Parliamentary pensions plan may get new members

Cayman Islands lawmakers who served only one four-year term in parliament between October 1959 and August 2004 would be eligible to receive a pension under a proposed amendment due to come before the Legislative Assembly later this year.

The change, if approved by a majority of lawmakers, would add some new pensioners to a retirement plan that government financial advisers recently described as “severely underfunded.”

According to the Parliamentary Pensions [Amendment] Bill, 2016, a pension “shall be payable” to any person who served as an elected member of the House or as Speaker of the House [who was not already an elected member] for one full parliamentary term at any time between Oct. 1, 1959 and Aug. 23, 2004. Government officials estimated half a dozen former lawmakers would receive pension payments after being added to the plan, if the amendments were passed.

The purpose of the brief proposed change, according to the bill, is to adopt the current eligibility requirements for pensions on behalf of those legislature members “who are otherwise ineligible to receive a parliamentary pension.”

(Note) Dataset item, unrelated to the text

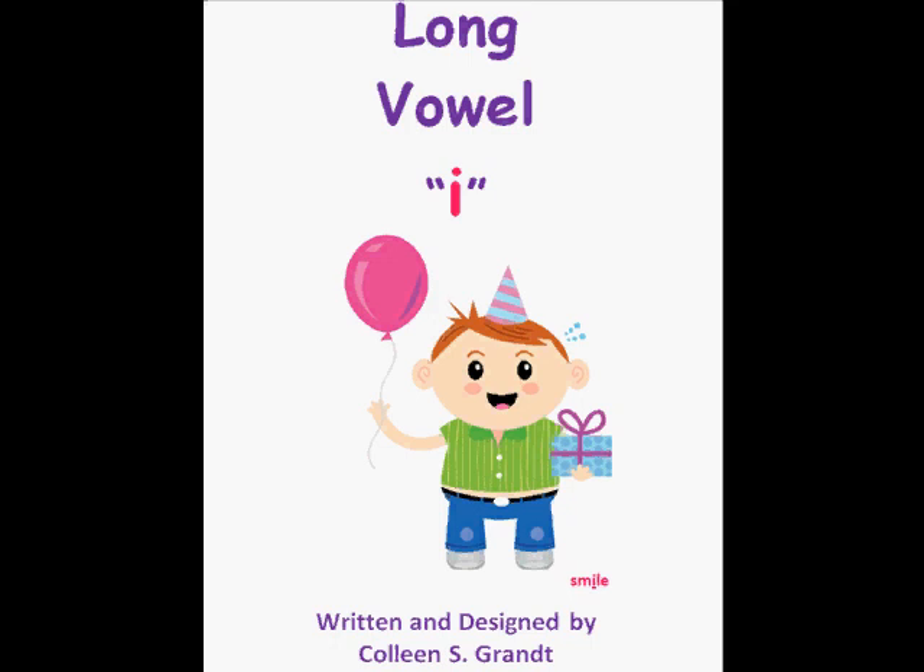Long Vowel I. This book is written and designed by Colleen S. Grant.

The legal amendment that allowed Caymanian lawmakers to receive a parliamentary pension after serving just one term in the House took effect after Aug. 23, 2004 and was not retroactive. Previously, Cayman’s retirement plan for elected lawmakers did not provide a pension after elected officials served a single four-year term.

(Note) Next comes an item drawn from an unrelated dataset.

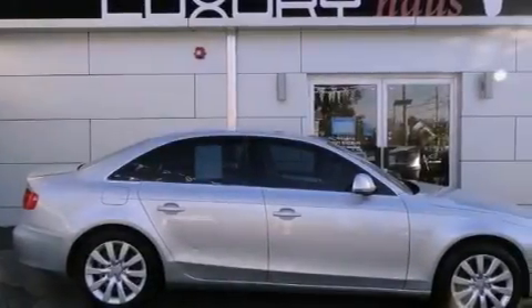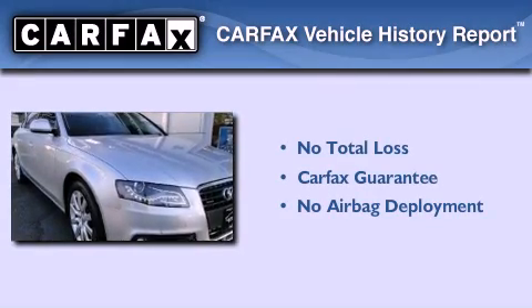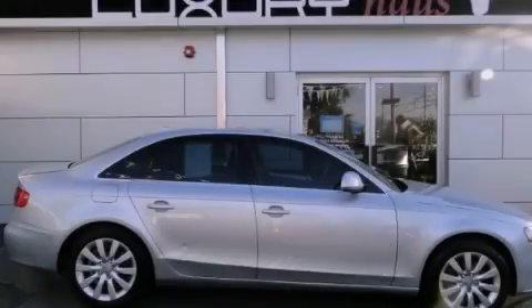With an EPA estimated rating of 27 miles per gallon on the highway, fuel efficiency does not take a back seat. Not to mention that this Audi qualifies for the Carfax buyback guarantee. This vehicle is sure to sell fast. Call and arrange your test drive today.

All pension payments in the legislative retirement plan are adjusted annually for inflation.

Under the old retirement system prior to the 2004 amendment, lawmakers would get one-third of their salary in a pension after two terms – eight years of service – in the House. After three terms, or 12 years, they would receive half pay in retirement, and after four terms – 16 years – they would get two-thirds of their ending salary in parliament as a pension.

The Parliamentary Pensions Law now sets a sliding scale for retired lawmakers, with a maximum post-retirement earning of two-thirds salary after 20 years – five terms – in the House.

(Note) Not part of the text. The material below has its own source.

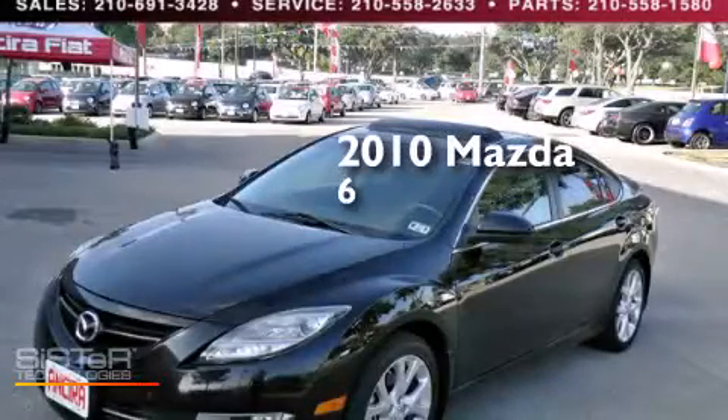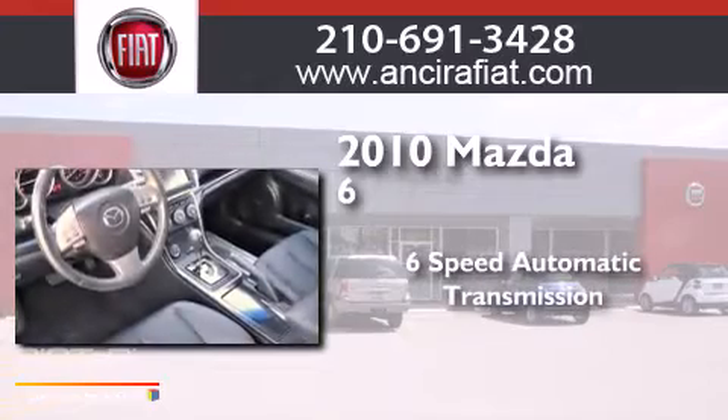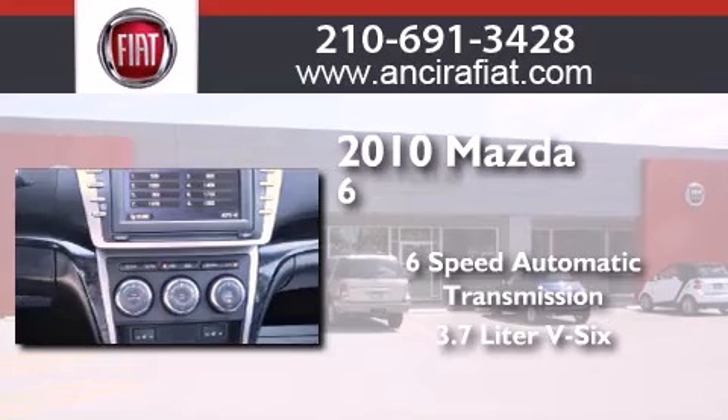This is a 2010 Mazda 6. This car has a 6-speed automatic transmission and a 3.7 liter V6.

Lawmakers serving one term now receive one-fifth of their maximum pension allowance [which is two-thirds of their ending salary]; a lawmaker who serves two terms would receive two-fifths of the maximum two-thirds salary and so on until five terms of service provide the full two-thirds of their ending salary in retirement.

The parliamentary pensions plan also allows legislators to retire at 55, which is five years earlier than the age at which civil servants are allowed to retire and receive full pension.

The civil service retirement age has been proposed to increase to 65 years. Parliamentary pensions operate separately from the main civil servants retirement plan and are governed under a different law.

The plan that provides retirement benefits to Cayman Islands legislators is now “severely underfunded,” according to actuaries who last reviewed the state of government’s retirement funds more than two years ago.

As of Jan. 1, 2014, the parliamentary pensions plan listed assets of nearly $8.5 million against liabilities of more than $22.5 million. That means the plan is only 36 percent funded, according to the 2014 estimates.